Some Stone Circles are awesome, either in size (Avebury), architecture (Stonehenge), or siting (Castlerigg). Others are 'haunting' or spooky in some other way (Wayland's Smithy). Can you feel the energies of the planet Gaia crossing some mystic line through the stones when you touch them? Well, no I can't, although my wife claims she can as she methodically communes with each stone (widdershins? don't know). What I can feel, however, is a sort of throbbing awe at the damn antiquity of the place. But the closest I ever came to that Earth Magic communion was at the Brodgar/Stenness complex in the Orkneys -- the esthetics of the siting was just so awesome, that maybe it was a matter of getting stoned on beauty, which is a phenomenon that really does occur if you are lucky or are in the right mood. [Actually, you don't need a stone circle for this -- a great sunset, a rainbow, a conjunction of moon and planets, a comet, etc. can do it -- for me its visual, not tactile.]

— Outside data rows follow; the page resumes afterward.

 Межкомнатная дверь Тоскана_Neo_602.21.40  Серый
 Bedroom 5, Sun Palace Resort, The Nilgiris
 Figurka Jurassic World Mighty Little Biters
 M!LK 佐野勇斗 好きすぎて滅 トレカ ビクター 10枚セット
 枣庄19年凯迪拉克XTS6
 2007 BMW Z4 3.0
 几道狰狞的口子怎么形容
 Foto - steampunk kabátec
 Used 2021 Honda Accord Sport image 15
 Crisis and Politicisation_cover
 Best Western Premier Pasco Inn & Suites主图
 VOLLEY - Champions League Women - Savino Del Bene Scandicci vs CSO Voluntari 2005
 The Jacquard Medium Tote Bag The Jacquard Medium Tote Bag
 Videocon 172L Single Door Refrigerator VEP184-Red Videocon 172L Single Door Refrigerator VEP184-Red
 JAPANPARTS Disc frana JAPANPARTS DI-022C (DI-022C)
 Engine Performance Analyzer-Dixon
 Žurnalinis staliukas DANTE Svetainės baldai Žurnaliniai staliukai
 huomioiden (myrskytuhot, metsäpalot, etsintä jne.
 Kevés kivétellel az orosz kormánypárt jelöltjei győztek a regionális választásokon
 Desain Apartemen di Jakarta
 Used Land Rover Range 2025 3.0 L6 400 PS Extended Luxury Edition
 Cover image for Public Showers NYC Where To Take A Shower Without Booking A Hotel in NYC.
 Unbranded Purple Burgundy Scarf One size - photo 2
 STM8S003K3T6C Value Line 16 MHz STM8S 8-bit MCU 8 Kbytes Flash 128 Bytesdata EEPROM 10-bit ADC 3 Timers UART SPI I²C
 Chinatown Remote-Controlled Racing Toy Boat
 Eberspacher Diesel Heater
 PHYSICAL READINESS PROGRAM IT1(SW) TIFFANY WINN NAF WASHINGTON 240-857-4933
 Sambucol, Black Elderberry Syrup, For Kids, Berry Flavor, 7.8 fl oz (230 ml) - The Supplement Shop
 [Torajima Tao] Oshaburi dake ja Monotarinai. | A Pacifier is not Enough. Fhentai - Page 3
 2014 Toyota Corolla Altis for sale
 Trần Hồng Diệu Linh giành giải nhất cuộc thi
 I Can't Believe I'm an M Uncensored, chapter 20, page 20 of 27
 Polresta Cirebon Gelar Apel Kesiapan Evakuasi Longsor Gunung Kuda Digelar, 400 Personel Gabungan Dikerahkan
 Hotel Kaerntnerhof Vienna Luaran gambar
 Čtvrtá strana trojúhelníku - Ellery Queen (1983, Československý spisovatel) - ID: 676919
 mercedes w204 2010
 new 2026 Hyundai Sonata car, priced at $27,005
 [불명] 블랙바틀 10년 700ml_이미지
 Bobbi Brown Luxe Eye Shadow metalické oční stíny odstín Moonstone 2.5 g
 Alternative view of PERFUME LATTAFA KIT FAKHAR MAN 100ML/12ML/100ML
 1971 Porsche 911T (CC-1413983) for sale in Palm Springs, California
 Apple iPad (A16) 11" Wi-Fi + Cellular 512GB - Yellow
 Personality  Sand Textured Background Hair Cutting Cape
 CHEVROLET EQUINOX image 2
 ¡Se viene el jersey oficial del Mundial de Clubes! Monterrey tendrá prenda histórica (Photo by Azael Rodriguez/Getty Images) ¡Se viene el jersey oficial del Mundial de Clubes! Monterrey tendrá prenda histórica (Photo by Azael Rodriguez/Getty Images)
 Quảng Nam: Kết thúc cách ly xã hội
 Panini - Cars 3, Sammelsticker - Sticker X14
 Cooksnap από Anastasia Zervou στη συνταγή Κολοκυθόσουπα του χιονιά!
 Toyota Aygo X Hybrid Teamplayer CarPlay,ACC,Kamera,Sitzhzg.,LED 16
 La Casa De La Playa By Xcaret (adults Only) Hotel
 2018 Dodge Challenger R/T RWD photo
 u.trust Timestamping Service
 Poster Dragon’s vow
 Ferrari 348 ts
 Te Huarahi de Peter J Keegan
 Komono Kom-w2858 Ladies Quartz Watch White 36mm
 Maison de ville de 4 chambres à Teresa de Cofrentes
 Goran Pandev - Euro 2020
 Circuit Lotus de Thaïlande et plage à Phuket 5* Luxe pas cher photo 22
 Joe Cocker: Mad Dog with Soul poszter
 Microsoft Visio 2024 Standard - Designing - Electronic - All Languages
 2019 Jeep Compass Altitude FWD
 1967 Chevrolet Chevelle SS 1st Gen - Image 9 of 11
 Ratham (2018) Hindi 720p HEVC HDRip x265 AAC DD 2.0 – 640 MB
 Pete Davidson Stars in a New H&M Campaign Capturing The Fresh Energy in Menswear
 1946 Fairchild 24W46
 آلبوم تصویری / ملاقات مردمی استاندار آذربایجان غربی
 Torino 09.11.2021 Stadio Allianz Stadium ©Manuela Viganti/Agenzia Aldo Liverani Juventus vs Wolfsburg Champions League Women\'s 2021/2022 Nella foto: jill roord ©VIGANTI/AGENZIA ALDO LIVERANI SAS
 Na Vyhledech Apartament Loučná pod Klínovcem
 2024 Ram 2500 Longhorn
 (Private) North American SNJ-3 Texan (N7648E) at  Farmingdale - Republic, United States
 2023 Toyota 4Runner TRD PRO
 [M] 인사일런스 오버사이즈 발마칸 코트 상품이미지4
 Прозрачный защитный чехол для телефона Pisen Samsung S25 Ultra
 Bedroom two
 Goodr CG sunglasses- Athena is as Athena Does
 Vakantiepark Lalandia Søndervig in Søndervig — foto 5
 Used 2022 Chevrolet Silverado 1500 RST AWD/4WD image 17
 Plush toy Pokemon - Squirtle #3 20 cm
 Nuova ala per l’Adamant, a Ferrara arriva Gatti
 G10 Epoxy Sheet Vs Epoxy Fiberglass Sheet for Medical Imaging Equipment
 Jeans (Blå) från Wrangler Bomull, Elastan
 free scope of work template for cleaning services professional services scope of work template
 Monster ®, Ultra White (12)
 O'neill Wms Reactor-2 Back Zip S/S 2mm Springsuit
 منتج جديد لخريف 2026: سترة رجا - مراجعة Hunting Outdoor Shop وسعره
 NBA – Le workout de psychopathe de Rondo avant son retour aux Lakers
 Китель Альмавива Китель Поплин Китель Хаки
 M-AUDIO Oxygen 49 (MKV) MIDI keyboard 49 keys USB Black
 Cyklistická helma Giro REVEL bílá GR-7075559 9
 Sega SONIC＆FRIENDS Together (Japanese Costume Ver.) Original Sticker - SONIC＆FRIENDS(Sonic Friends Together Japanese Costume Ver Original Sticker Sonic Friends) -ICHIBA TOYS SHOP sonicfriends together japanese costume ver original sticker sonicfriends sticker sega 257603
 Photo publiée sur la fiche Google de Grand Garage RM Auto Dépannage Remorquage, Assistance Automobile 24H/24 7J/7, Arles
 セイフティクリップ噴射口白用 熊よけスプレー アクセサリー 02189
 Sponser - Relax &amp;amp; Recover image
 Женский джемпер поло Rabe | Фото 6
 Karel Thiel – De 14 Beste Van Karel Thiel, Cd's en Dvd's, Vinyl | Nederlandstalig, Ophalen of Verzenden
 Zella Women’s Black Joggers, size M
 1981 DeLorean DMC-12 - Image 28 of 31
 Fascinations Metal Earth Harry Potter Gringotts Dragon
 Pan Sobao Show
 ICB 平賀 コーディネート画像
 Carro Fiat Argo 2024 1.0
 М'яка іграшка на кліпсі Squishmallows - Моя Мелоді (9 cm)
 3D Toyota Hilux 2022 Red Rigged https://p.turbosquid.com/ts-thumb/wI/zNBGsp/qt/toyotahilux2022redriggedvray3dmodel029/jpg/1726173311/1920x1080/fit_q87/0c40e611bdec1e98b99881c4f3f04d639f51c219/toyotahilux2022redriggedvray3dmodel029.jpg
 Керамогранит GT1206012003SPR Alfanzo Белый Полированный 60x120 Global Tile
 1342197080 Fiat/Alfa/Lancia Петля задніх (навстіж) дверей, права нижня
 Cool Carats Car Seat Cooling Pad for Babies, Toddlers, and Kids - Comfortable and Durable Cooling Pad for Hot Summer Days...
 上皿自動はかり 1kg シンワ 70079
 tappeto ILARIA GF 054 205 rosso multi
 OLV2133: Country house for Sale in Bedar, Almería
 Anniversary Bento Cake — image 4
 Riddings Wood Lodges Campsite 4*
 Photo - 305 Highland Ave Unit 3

This is a repeat of the note on my English Castle page; just substitute Stone
Circles where appropriate (although they don't have privy pits).
There is no more
appreciative companion than a dog to take to a castle (small children complain too
much and don't respect your urge to poke around and linger over details). Of course,
it has to be a castle where the dog can be let off the leash -- not one of those National
Trust places where you are confined behind ropes with a hawk-eyed harridan making
sure you don't touch anything. There might be heart-stopping moments when the dog
leaps up on a wall with a 300-foot precipice on the other side (as at Beeston). And it
might be hard to drag it away from the local inhabitants (such as the moles at Minster
Lovell). They love dashing around and are especially enthusiastic about investigating
the Garderobes (privies), which were usually little dead-end passages in the walls with
a stone toilet seat and a shaft dropping down to the outer ditch or moat.
[Don't worry about the precipice bit when it comes to stone circles. Do, however, worry
about the presence of any sheep -- make sure your dog doesn't harry them.]